The results of gamma spectrometric measurements are useful for the assessment of radiation doses due to the naturally radioactive element content in investigated samples. Obtained values are as follows: Gamma index I ranged from 1.08(0.13) to 1.29(0.05) for kaolin samples, which does not exceed the exemption dose criterion (0.3 mSv y−1) (EC 1999). Obtained values of gamma index I for zircon samples ranged from 10.7(1.1) to 17.0(0.8), which exceeds dose limit of 1 mSv y−1 (EC 1999). The values of annual effective dose D e do not exceed the average worldwide exposure of 2.4 mSv y−1 (UNSCEAR 2000) only in four zircon samples (zircobit from Italy, zirconium ores from France, zircosil 5 from Italy and zirconia powder from Italy). The values of activity concentration index of the granite samples varied between 1.06(0.05) (granite in slabs, Italy) and 3.50(0.09) (Granite block Kashmir White, Italy). In view of the use of granites in building construction, none of the samples exceeds the recommended upper limit or recommended exemption level for exposure to external gamma radiation (EC, 1999). For marble samples, the indoor dose rate ranged from 37.5(1.5) to 42.4(1.7) nGy h−1, and values for annual effective dose do not exceed limit of 0.3 mSv y−1 (EC 1999). Values of gamma index I for sand samples ranged from 1.36(0.11) to 7.2(0.8). The indoor dose rate ranged from 40(3) to 206(21) nGy h−1, and values for annual effective dose exceed limit of 0.3 mSv y−1 (EC 1999) for abrasive sand from Australia (sand sample No. 4, Table 1). For sand from Switzerland (sand sample No. 1, Table 1), annual effective dose exceeds limits of 1 mSv y−1. For all measured perlite and feldspar samples, gamma index was determined to be I ≤ 2, and values for annual effective dose do not exceed limits of 0.3 mSv y−1 (EC 1999). Gamma index I for korund sample from Germany (korund sample No. 1, Table 1) and korund sample from Czech Republic (korund sample No. 5) was in the range 2 ≤ I ≤ 6, and values for annual effective dose for these samples did not exceed limits of 1 mSv y−1 (EC 1999). For other measured korund samples, values for I ≤ 2 and values for annual effective dose also do not exceed limit of 0.3 mSv y−1 (EC 1999). Gamma index I for frit sample was 15(3), which clearly exceeds dose limit of 1 mSv y−1.

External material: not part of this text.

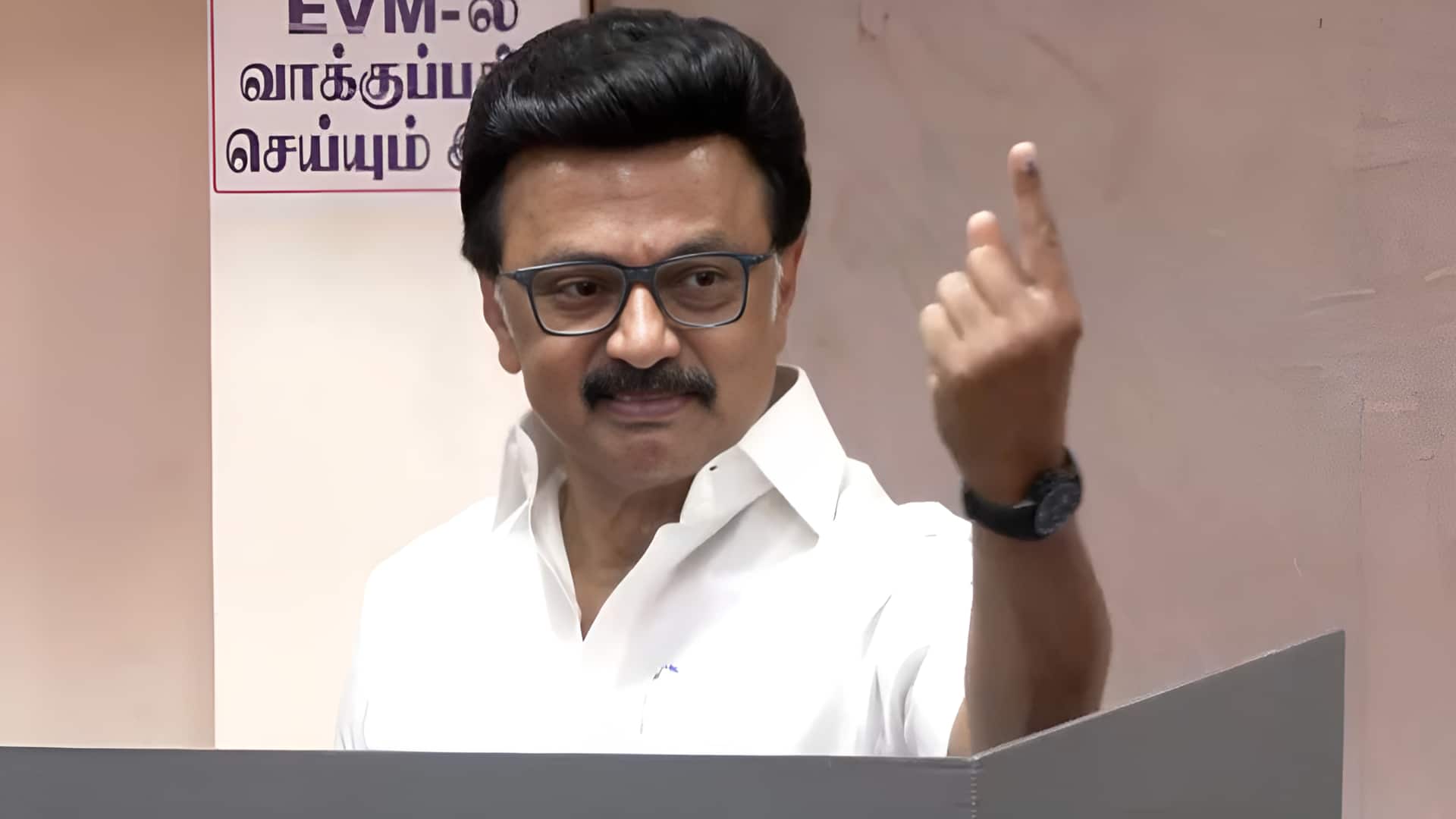 தமிழக தேர்தல் களம்: 234 தொகுதிகளில் வாக்குப்பதிவு தொடக்கம்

Annual effective doses for workers in the ceramic industry “Keramika Kanjiza Plus” in Serbia who have been working with granite were determined. The results of dose rate measurements are up to five times higher in relation to the background (0.10 mSv h−1).

The radioactivity of building materials depends on the minerals that are used for their production. Some materials used in construction have high concentrations of 226Ra, 232Th and 40K. They are used as mixtures in the building industry (kaolin, zircon, frit and feldspar) or mechanically processed and used for covering floors and walls of the rooms (tiles and granite). Some commercial materials (such porcelain stoneware and glazed tiles) are more radioactive because they contain appreciable amount of zircon sands or frit. However, having in mind the amount of these materials in standard construction cannot be concluded that they are the largest source of radioactive pollution in flats (Todorovic et al. 2013).

Measurements presented in this work confirm that radiation exposure and attributed risk should be reduced by careful choice of building material during construction.